# Vrx7 cam or Hellion ca,??



## DementedSix0 (Oct 13, 2010)

Anyone know much about these cams? I emailed Vengeance Racing and they said "Our VRX7 with a pair of TrickFlow 225cc Cylinder heads and all supporting bolt ons would easily produce 490rwhp in an M6 GTO."


----------



## Rauq (Jul 19, 2010)

490 *to the wheels* is quite a claim, and be careful with what they call "supporting mods." I got a quote from them for a cam/headers install, and their idea of "supporting mods" included a trunion kit (rockers), timing chain, oil pump, underdrive pulley, spark plugs, brake clean, etc. I mean, those are all great things to do while you're getting into the engine, but they made it out to me that they *needed* to be done with a cam/headers job. Springs would definitely be in the package, though.

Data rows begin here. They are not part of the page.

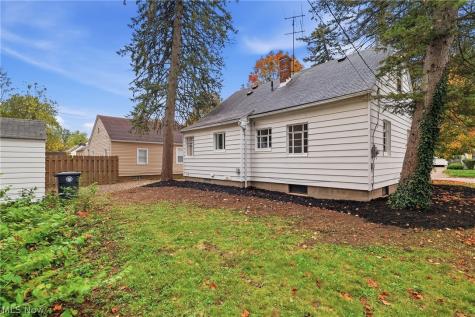 1055 Seward Avenue Akron OH 44320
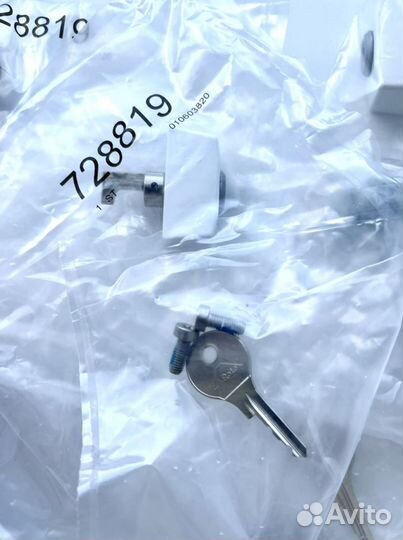 Новые замки на окно Roto Frank блокиратор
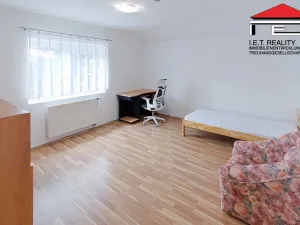 Pronájem bytu 2+1, Praha - Kbely, Svijanská, 54 m2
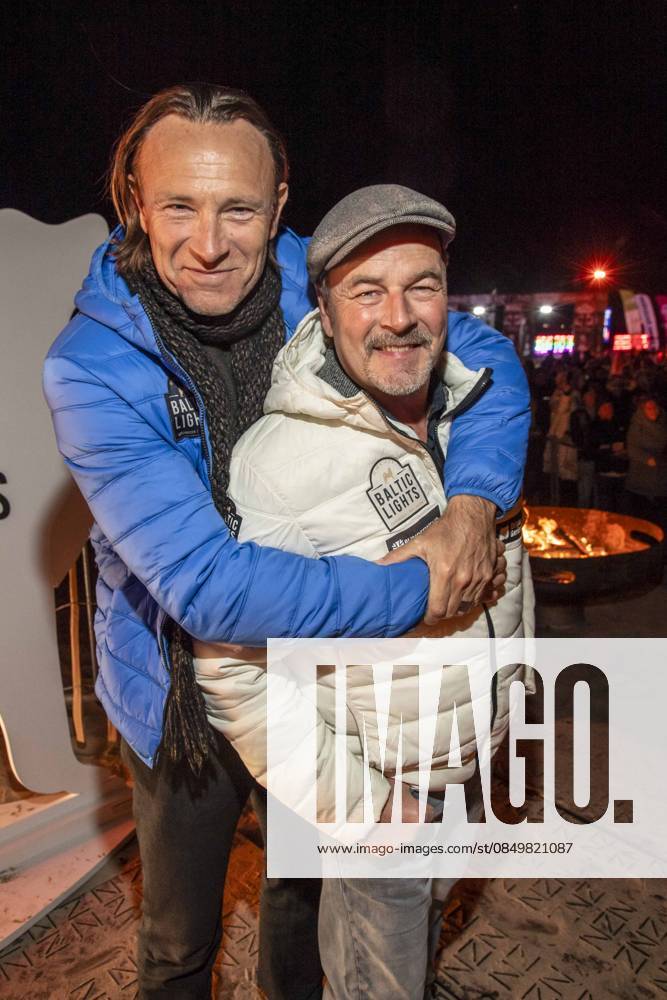 Abb Bernhard Bettermann and Till Demtroeder as guests on the beach at the 10th anniversary of Baltic Lights 2026 celebrity charity sled dog race in aid of Welthungerhilfe on the Baltic Sea between the Ahlbeck sea bridge and the Heringsdorf sea bridge, Friday 06 03 2026 in Heringsdorf MV Germany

I was debating whether or not to knock around the job quote with the guys out there, when I heard several first-hand stories about Vengeance (I'm about an hour and a half away). One guy with a C5 Z06 had a crate motor put in and was hassled to no end, and my good buddy with an 02 Camaro SS was hawked a cam and heads set that would have definitely resulted in ptv clearance issues.

If you're just buying a cam from them, then I say go for it, the VRX7 is a solid cam, prett big that'll require a good tune, and as long as you're getting the right springs (I'd hope you're going with dual springs) and there's no clearance issues- I can't say much to piston-to-valve clearance on these setups- that cam/heads setup looks great. I'll allow others to add their input in regard to compatibility, though.

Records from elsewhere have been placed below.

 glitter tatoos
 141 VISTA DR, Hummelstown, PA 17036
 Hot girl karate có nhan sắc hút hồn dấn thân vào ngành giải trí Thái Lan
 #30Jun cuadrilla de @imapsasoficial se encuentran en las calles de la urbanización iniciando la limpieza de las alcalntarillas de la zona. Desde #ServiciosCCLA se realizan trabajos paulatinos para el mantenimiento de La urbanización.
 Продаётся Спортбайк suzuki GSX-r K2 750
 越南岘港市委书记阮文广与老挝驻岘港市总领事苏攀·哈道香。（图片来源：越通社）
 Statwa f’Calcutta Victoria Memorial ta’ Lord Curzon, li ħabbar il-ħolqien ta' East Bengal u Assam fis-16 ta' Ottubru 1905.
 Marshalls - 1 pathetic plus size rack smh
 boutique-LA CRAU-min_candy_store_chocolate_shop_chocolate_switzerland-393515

Will you be doing the install yourself? I'm hoping to do my own cam this summer.


Also, I don't know anything about the hellion cam, it looks to be a similar to the VRX7 except bigger on the exhaust lift. An even cam, not the split like the VRX7. With those heads, though, that split would probably be pretty good. Do you have headers?

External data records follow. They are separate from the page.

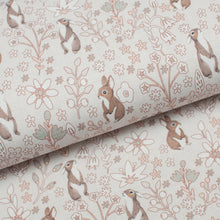 Tissu en ligne Québec jersey de coton lycra motif de lapin et de fleur parfait pour Paques. Online fabric cotton spandex jersey knit with bunnies and flowers perfect for easter.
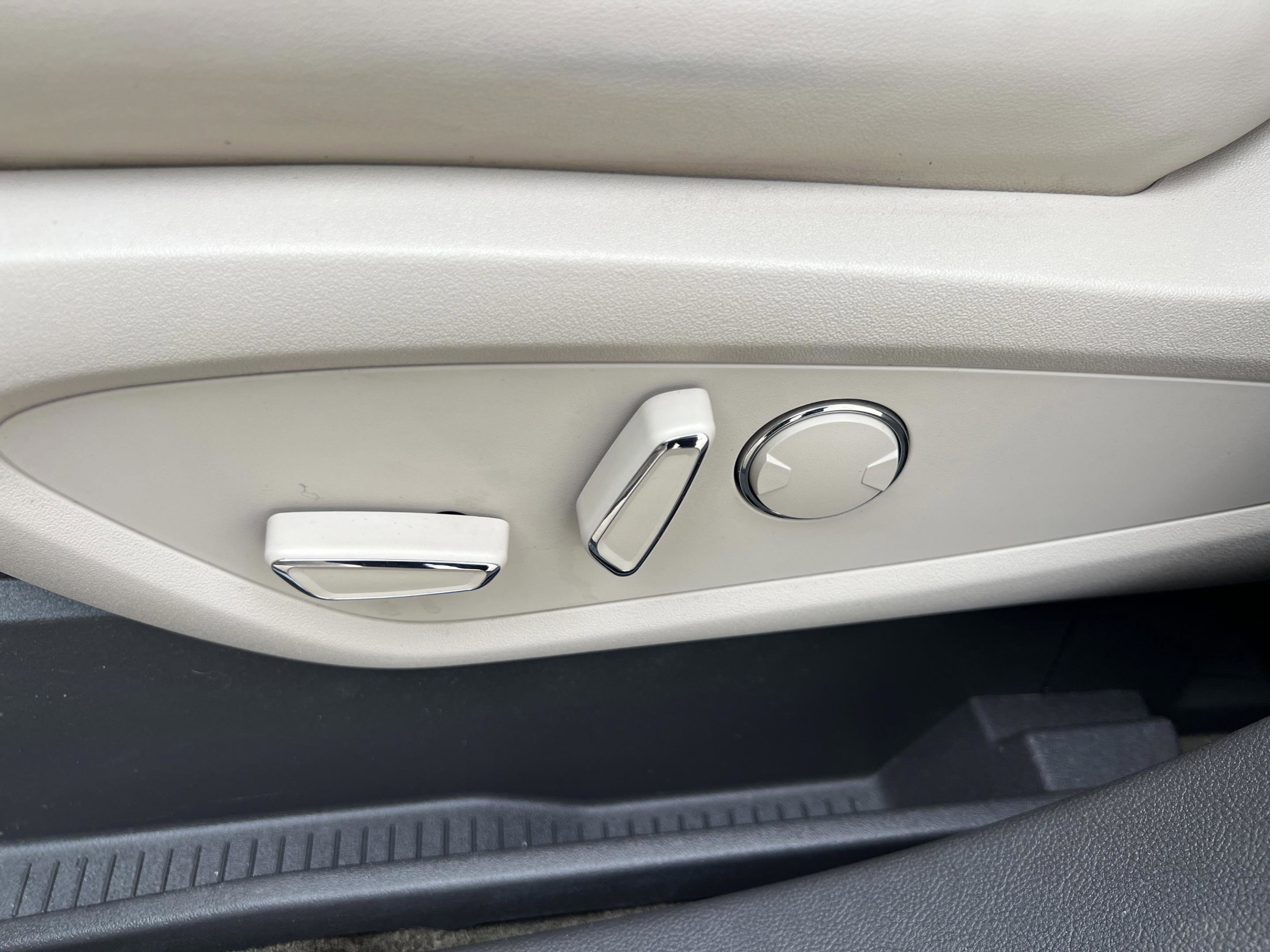 Used 2018 Lincoln MKX Reserve w/ Cargo Accessories Package image 22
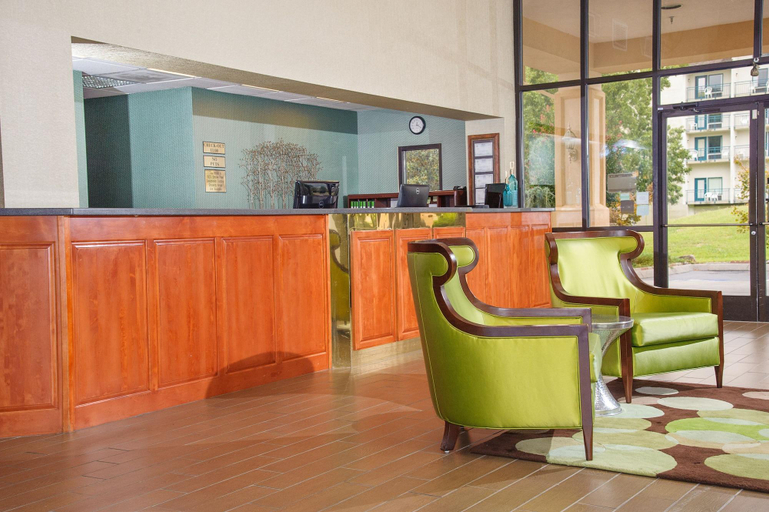Public Area 2, Pigeon River Inn, Sevier
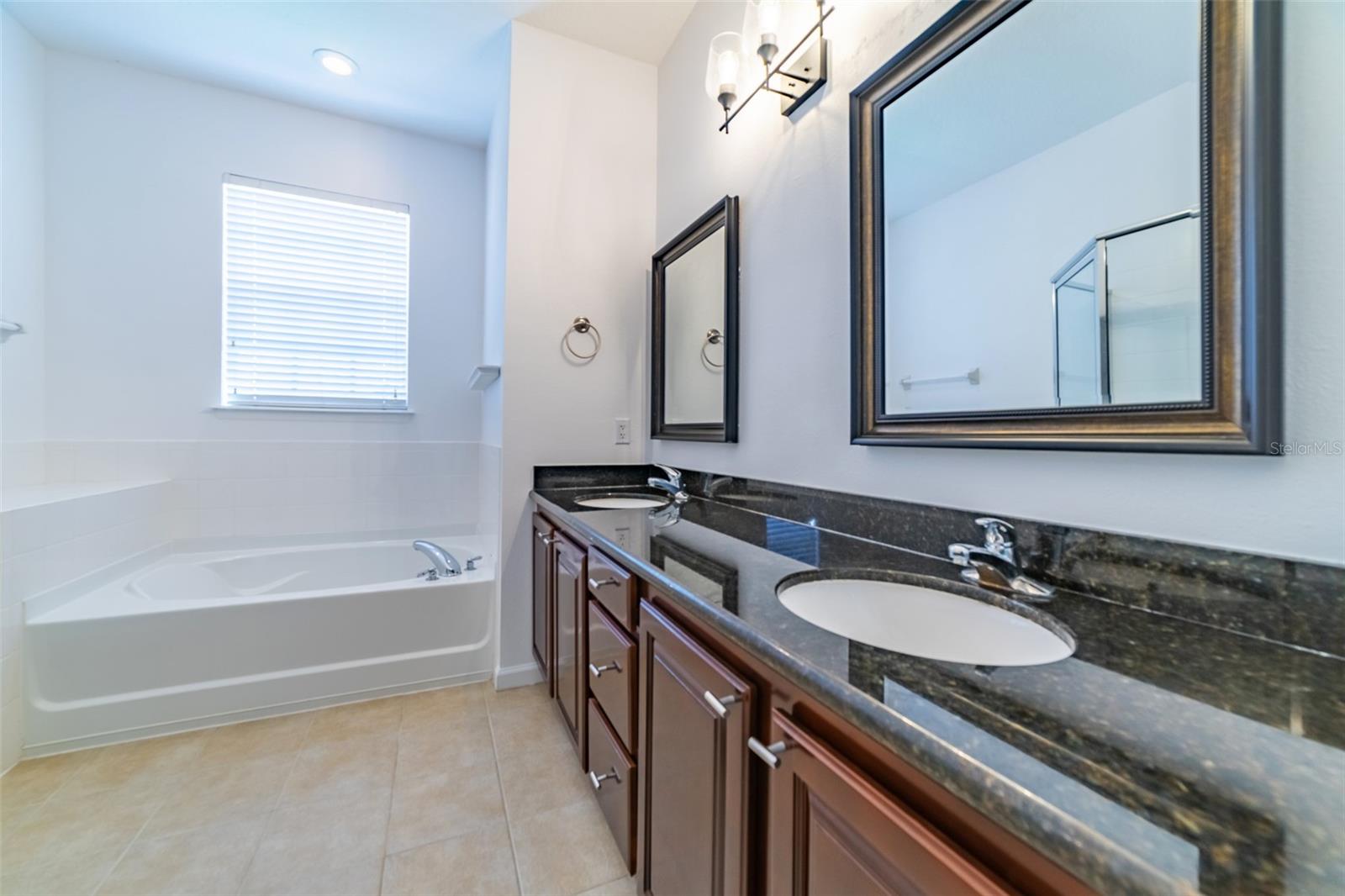 MURPHYS PLACE - Residential Lease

**I'm fairly new to valvetrains. Take what I say with a grain of salt, I'm sure there's guys around that know way more around here.**


----------



## Rauq (Jul 19, 2010)

If you're in Austin, give Texas Speed & Performance a call. My friend with the Camaro SS called them and they walked him all the way through the setup that he has now. It's pretty sick, the guys out there were a huge help.


----------



## DementedSix0 (Oct 13, 2010)

Yeah 490 seems high to me also. I have heard just a few things about Vengeance nothing bad. I would definitely get dual springs and im not sure if im going todo myself yet or not. I was also shooting for the summer if i can get the money. I have jba shorties i plan to get LTs soon K&N intake, Underdrive pulley,160 tsat,pedders springs shocks and bushing o and Slp loundmouths. 
Yeah i have been looking that Texas Speed alot too i always here lots of good things about them at car meets and I have seem a few TAs and Camaros with there cams(always pretty badass) cars


----------



## Rauq (Jul 19, 2010)

Yeah I'd definitely give them a call, another opinion is always a good thing. I'm probably going with them for my work over the summer.


----------



## DementedSix0 (Oct 13, 2010)

Yeah man definitely. Good luck with your cam swap


----------



## AlaGreyGoat (Jul 6, 2006)

Almost 150 rwhp for a head/cam package sound very high to me.
Maybe the supporting bolt ons include a Maggie??

Larry


----------



## DementedSix0 (Oct 13, 2010)

Yeah somthing like that...haha Thats just what they're claiming.


----------